USDA-ARS agricultural engineers Susan O’Shaughnessy and Nolan Clark adjust the field of view for wireless infrared thermometers mounted on a center pivot irrigation system. The wireless sensors are used to measure crop canopy temperature for indications of water stress.

This post is part of the Science Tuesday feature series on the USDA blog. Check back each week as we showcase stories and news from USDA’s rich science and research portfolio.

With droughts becoming more severe, water tables getting lower and an increasing demand for water from growing suburbs and cities, farmers know they need to use water more sparingly. That’s why recently patented technology developed by USDA’s Agricultural Research Service (ARS) scientists in Texas is so important.

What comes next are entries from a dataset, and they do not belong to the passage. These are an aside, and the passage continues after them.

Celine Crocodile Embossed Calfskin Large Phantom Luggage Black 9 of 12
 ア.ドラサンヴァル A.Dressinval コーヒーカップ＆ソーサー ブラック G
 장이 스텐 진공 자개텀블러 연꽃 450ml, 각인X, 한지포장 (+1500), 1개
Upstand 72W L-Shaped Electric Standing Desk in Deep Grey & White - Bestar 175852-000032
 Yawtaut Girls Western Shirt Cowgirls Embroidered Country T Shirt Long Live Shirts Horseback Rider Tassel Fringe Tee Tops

Steve Evett, Susan O’Shaughnessy, and their colleagues at the ARS Conservation and Production Research Laboratory in Bushland, Texas have spent years trying to help growers maximize water in a region that depends on the Ogallala Aquifer, a massive underground reservoir under constant threat of overuse. They recently developed two complementary technologies that offer practical ways to ensure that crops get only as much water as they need.

One uses a network of sensors mounted on the pipelines of above-ground commercial irrigation systems. As the irrigation system moves across a field, the sensors determine a crop’s water needs triggering the release of water based on a signal produced when the crop is water stressed. Using an algorithm tied to the water needs of specific crops in specific regions, the system determines when, where and how much to irrigate. The system is based on years of field observations by USDA scientists. A patent on the technology was issued to USDA in December.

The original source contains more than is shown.